Ascribing the title of "best" to anything is a bit subjective, particularly hedge funds. After all, many hedge funds are the "best" for different reasons. Some are the best at generating total returns, others are the "best" for generating consistently positive performance, in good and bad markets.
I define the best hedge funds as those that have performed strongly for long periods of time, and have continued to perform well, even as their asset size grows. I also attribute some "style points" to hedge fund managers that are in many ways professors of their craft, capable of explaining their investing style to ordinary investors like you and me.
With these criteria in mind, let's look at three of the best hedge funds based on their historical performance and influence in the stock market today.
1. Greenlight Capital
There are few investors who are as broadly respected as David Einhorn. He started his first fund in 1996, delivering annualized returns of 18.9% for his investors, after fees. Thus, each dollar invested at inception would have been worth $24.16 at the end of 2014, well in excess of the general stock market return.

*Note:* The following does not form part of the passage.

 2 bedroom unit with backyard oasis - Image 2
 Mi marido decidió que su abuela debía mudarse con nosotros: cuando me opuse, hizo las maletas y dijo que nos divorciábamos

Einhorn's record is more impressive when you consider that he runs a long-short fund, which requires the incredible ability of buying great stocks and shorting bad stocks. Greenlight has done well in long and short positions alike. His most notable short positions include the likes of fallen companies Allied Capital, Lehman Brothers, and Conseco.

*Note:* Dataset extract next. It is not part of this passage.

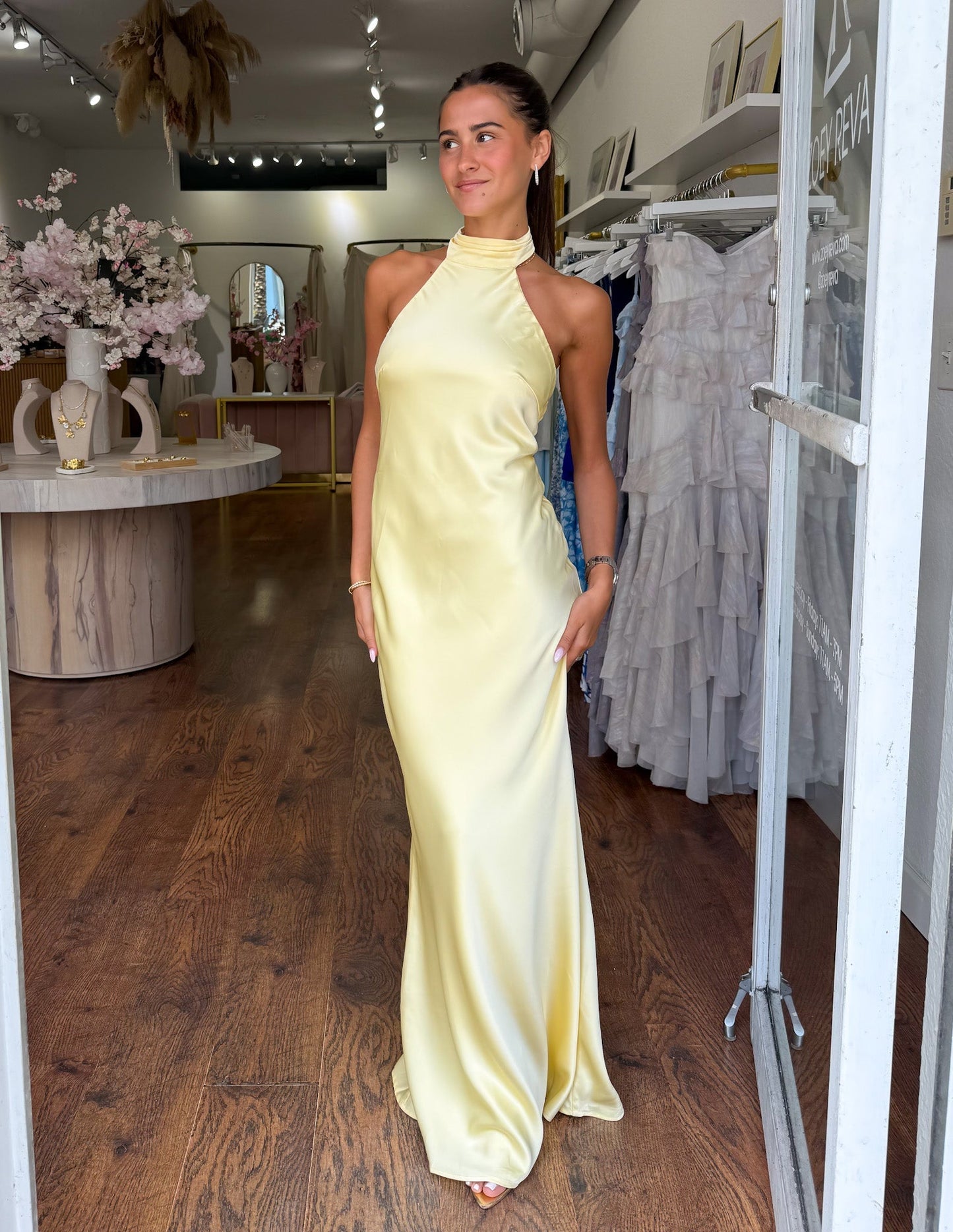 ZEYNEP | Elegante Satijnen Maxijurk met Halter-Uitsnijding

Einhorn's record makes him one of the most influential investors in the market today. His mere appearance on a company's conference call can send a stock flying or falling in after-hours trading. And he is incredibly open about his positions, detailing in his letters to his clients his biggest investments complete with a short thesis for why he's buying or selling. These letters are frequently published online, and worthy reading for anyone interested in the stock market.
2. Pershing Square
Despite a few high profile missteps, Bill Ackman is still a legendary hedge fund manager. Pershing Square's oldest fund generated compounded returns of 23% over 11 years, turning $1 into just under $10 as of 2014.
Bill Ackman describes himself and his firm as an activist investor, taking large stakes in publicly traded businesses to push for changes to create a higher share price. Notable victories include Canadian Pacific Railway, a contest in which he pushed for replacing management to improve operating performance. Shortly thereafter, profits reached records, and Ackman delivered an excellent return for his investors.

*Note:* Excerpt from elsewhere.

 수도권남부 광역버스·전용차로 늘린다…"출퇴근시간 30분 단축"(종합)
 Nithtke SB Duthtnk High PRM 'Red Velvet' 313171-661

Like Einhorn, Ackman's investments are documented in his quarterly letters to investors, complete with brief investment cases for each of his largest positions. Widely followed, Ackman remains a very influential investor, with his influence only becoming larger with the size of his fund. He recently teamed up with one publicly traded biotech firm to pursue the acquisition of another, in what was a first time event for the industry. Publicly traded firms rarely, if ever, team up with an activist in the pursuit of an acquisition target, a tip of the hat to Ackman's ability to force changes in his portfolio companies.
3. Baupost Group
Seth Klarman of Baupost Group has a cult-like following hedge fund managers dream of. His 1991 book on investing, Margin of Safety, which once sold for $25 on the shelves of bookstores, sells for more than $1,000 on Amazon. His performance has reportedly topped 17% per year since Baupost's inception in 1982.
Baupost's returns are more impressive when you consider that Klarman has a particular love for keeping a big portion of his funds in cash. In 2013, the firm reportedly held nearly half its assets in cash, as Klarman said that he wasn't finding any particularly attractive investment opportunities.
In an industry where many judge themselves based on the amount of assets they manage, Klarman has been a good steward of his investors' capital. When his ideas are thin, he's forcefully returned money to his investors, not wanting to sacrifice returns for size. He's also a fan of concentration, often stating that he'd prefer to own 10-15 companies he knows very well than a wide swath of stocks he understands little about. His funds' above-average cash cushion tends to reduce some of the volatility that typically comes with a more-concentrated fund.
As for managers to watch, Klarman is certainly one. He publishes his investments like the others, writing frequent letters to investors with commentary and criticism on wide-ranging topics from individual stocks to Federal Reserve policy. An outspoken investor, his record suggests he's an investor worth listening to.